Theo swallowed. His eyes had taken on the bruised blue of the sky before a storm. “Of course not.” She didn’t succeed in making the statement quite convincing. The worst of it was that she wasn’t entirely certain that she would resist.
“I have never forced a woman,” he said, his growl a sudden reminder of his voice’s pure beauty. Before.
“But you have killed people,” she said, biting her lip.
“Only when I had to. And never an innocent: under my command the Poppy Two attacked only pirate ships flying the skull and crossbones, as did the Flying Poppy from the moment Griffin and I joined forces.”
“No walking the plank?” she asked, despising the pathetic note of ho
pefulness in her voice.
“No.” His eyes held steady on hers, and although so much had changed about him—his very body was different, and his voice was gone, and his face had matured—his eyes were the same. Prideful and honest.
Honest?
Another wave of exhaustion hit her. James wasn’t honest. He had tricked her into marriage, lied during his vows in front of God and man. She turned on suddenly unsteady legs and collapsed on the stool he had just deserted.
Then she made sure the sheet was decently covering her, folded her hands in her lap, and looked down at her toes. “This will not work,” she told him. “Ever.”
“Why not?” He sounded reassuringly calm.
“I’ve changed. I’m not easy anymore. I prefer my life to have order in it. I prefer to be respected and honored in my own household.” She waved her hand in the steamy air. “Let’s be honest with each other, shall we? I loved you once. I believe you loved me too, although you didn’t feel it strongly enough to thwart your father. Still, before your father forced the issue, I had no idea that I loved you—at least, not in that way.”
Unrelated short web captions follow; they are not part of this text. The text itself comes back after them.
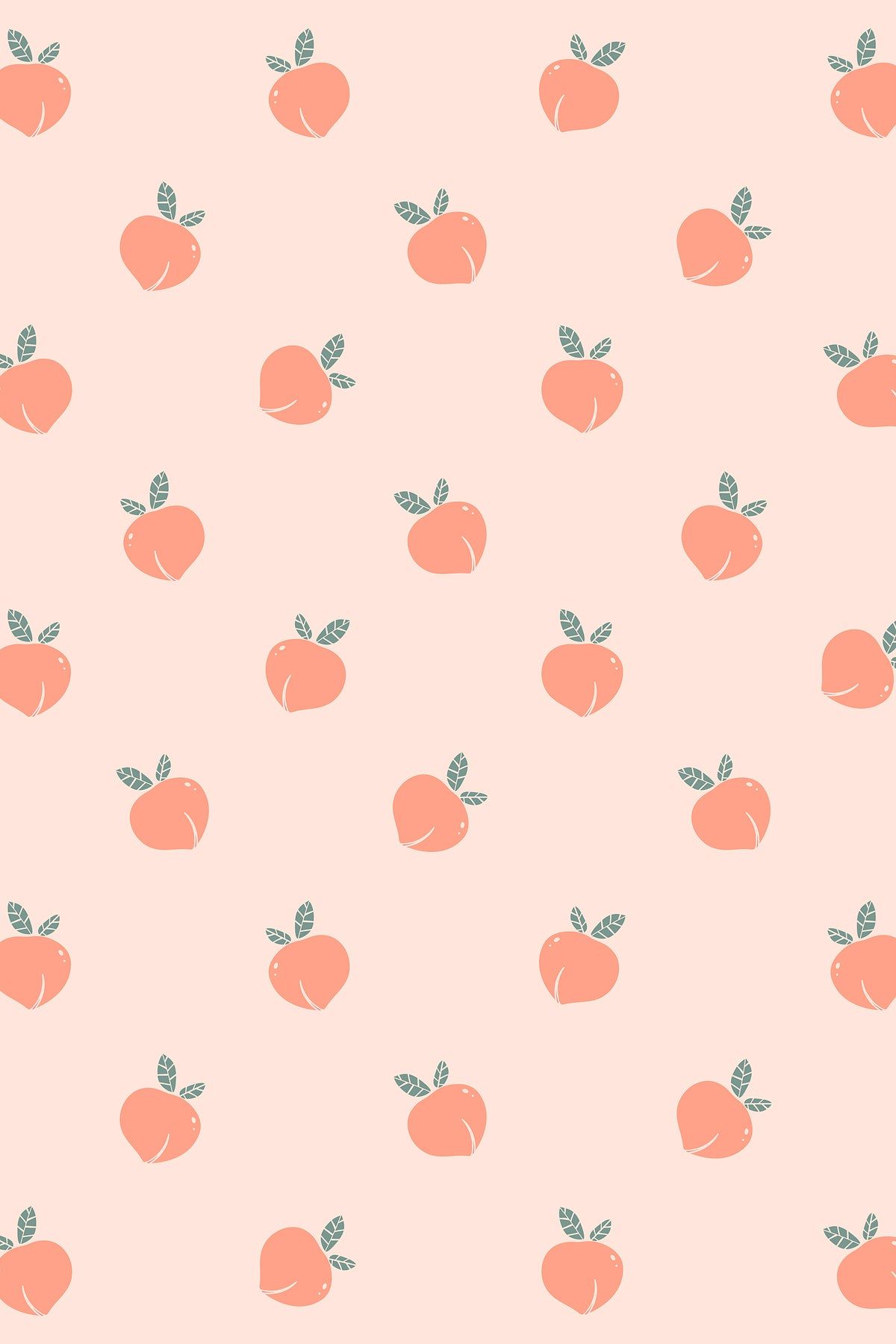 cute fruit wallpapers 0039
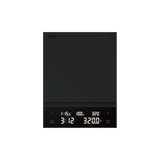 Hario Polaris Coffee Scale
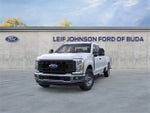 2026 Ford Super Duty F-250 XL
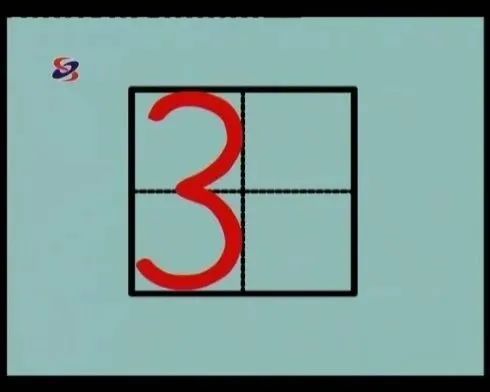 一年级拼音练习题库及字母表资料整理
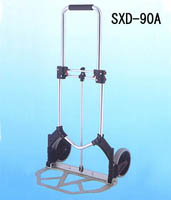 SXD-90A Luggage cart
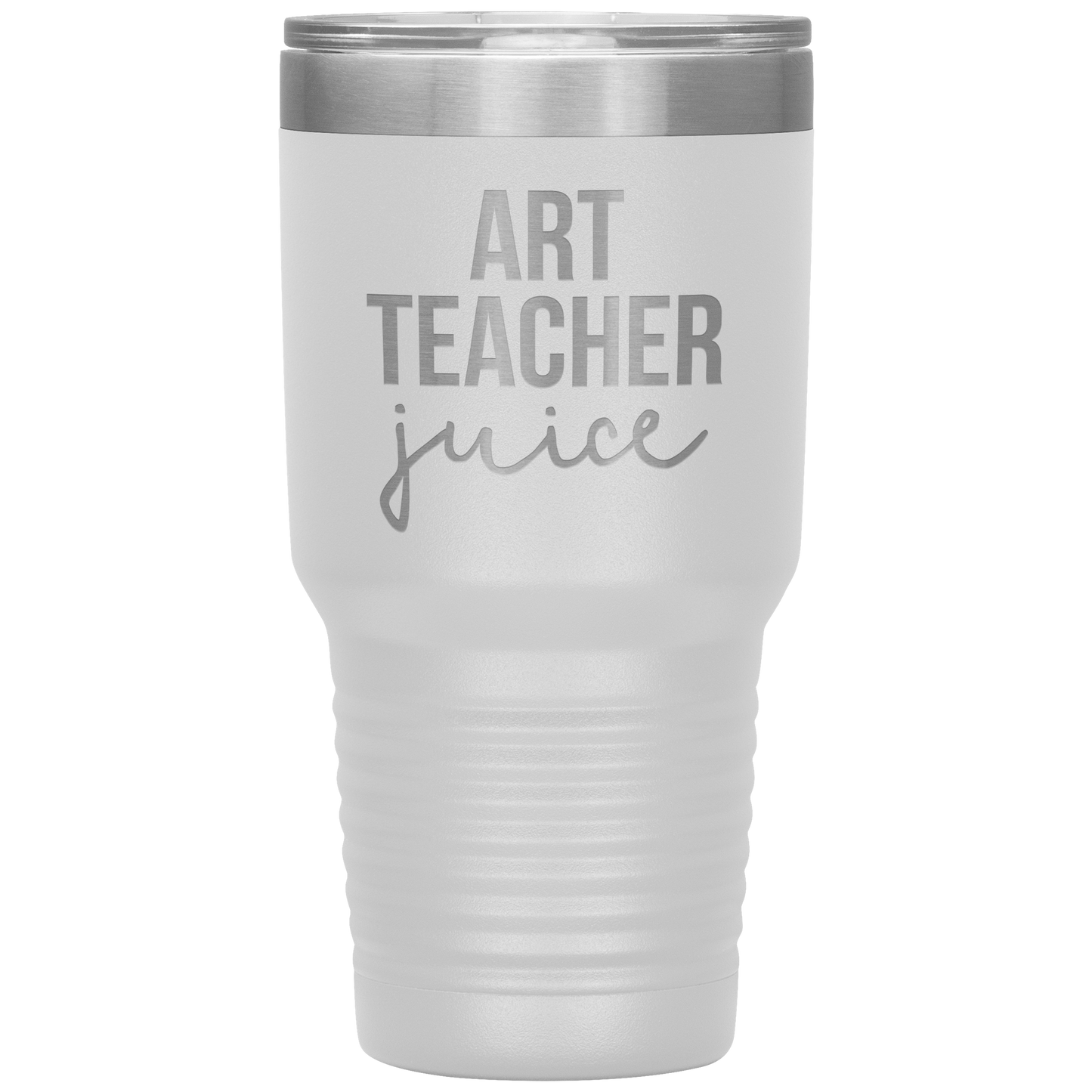 Professeur d'Art Gobelet, Professeur d'Art Cadeaux, Voyages Tasse de Café, des Cadeaux d'Anniversaire pour les Hommes et les Femmes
The memory of their intimacies presented itself, and she flinched.
“What?” he asked, instantly.
“In retrospect, there were some very disturbing aspects to our relationship, in particular to our marital relations,” she said, adding: “I was quite angry at you, but I gave that up several years ago.”
“Until I made you angry again by appearing at the House of Lords.”
She looked back at her feet. “I do not offer this as an excuse, but it was difficult being known as a woman so ugly that her husband could not tolerate living in the same country with her. I am perhaps overly sensitive to slights as a result.”
“You didn’t reveal the truth about why I left because any explanation would implicate my father and his financial dealings,” James said slowly. He sat down on the edge of the ceramic bathtub.